MoJo reporter Mac McClelland is getting one hell of a chilling story in Louisiana right now. This morning she headed down to the area where, according to online maps, oil from the BP fiasco was headed. Wherever she turned, she found sheriff's deputies blocking the beach access roads—until she hit a beach at Grand Isle, and literally stepped into the mess. (Follow Mac on Twitter here.)

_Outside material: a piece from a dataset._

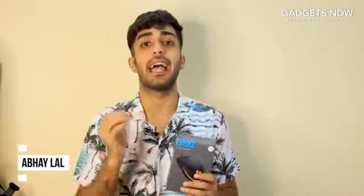Hi everyone, my name is Abhay and today I have with me this gaming mouse by Logitech and I'll be telling all my gamers why this is a must-have for them, so let us begin.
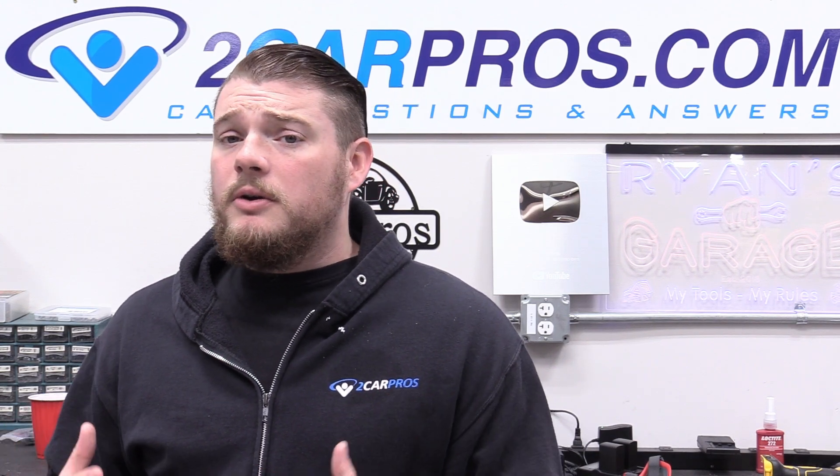That is how to replace the VSS buffer module, sometimes called a DRAC module, in a 1993 Chevrolet Suburban. This is really as easy as it gets and it fixed the issue. If you have a similar problem, I would try that VSS buffer. These old trucks aren't equipped with computers intelligent enough to tell you exactly what's going on, so you have to do a little detective work — and this is where mine led me. If you found this video helpful, please consider giving it a like or subscribing. Thanks for watching, and I'll see you next time.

Here's what unfolded in her tweetstream:

Has oil made landfall in port fourchon, LA? Can't look, bc cops turned us around at bridge to beach. about 3 hours ago

Oil just hit land in grand isle. Blobs completely covering this shore. about 2 hours ago

Governor's helicopters are flying overhead. about 1 hour ago

All these spots are blobs of oil. about 1 hour ago

All these spots are blobs of oil.  on Twitpic

Crude all over my fingers. about 1 hour ago

Crude all over my fingers. on Twitpic

These vacationers say there was no oil earlier today; this shit all just started washing up, and it's already everywhere. about 1 hour ago

This was when I realized oil arrived; when I stepped in crude. 42 minutes ago

This was when I realized oil arrived; when I stepped in crude. on Twitpic

5 sheriff's cars have arrived. No pics allowed, no more access to elmer's island. 27 minutes ago

The gov's office has arrived. 10 minutes ago

The gov's office has arrived on Twitpic

Mac says the sheriff's deputies who arrived at Grand Isle told her she couldn't take pictures of them, but didn't keep her away from the beach—yet. She's headed back to New Orleans as we write, but will be back in Grand Isle later tonight. (Here's some more background from the local media, and more pix.) UPDATE: Mac just called and noted that there are still kids on the beach, "splashing around in this huge sheen."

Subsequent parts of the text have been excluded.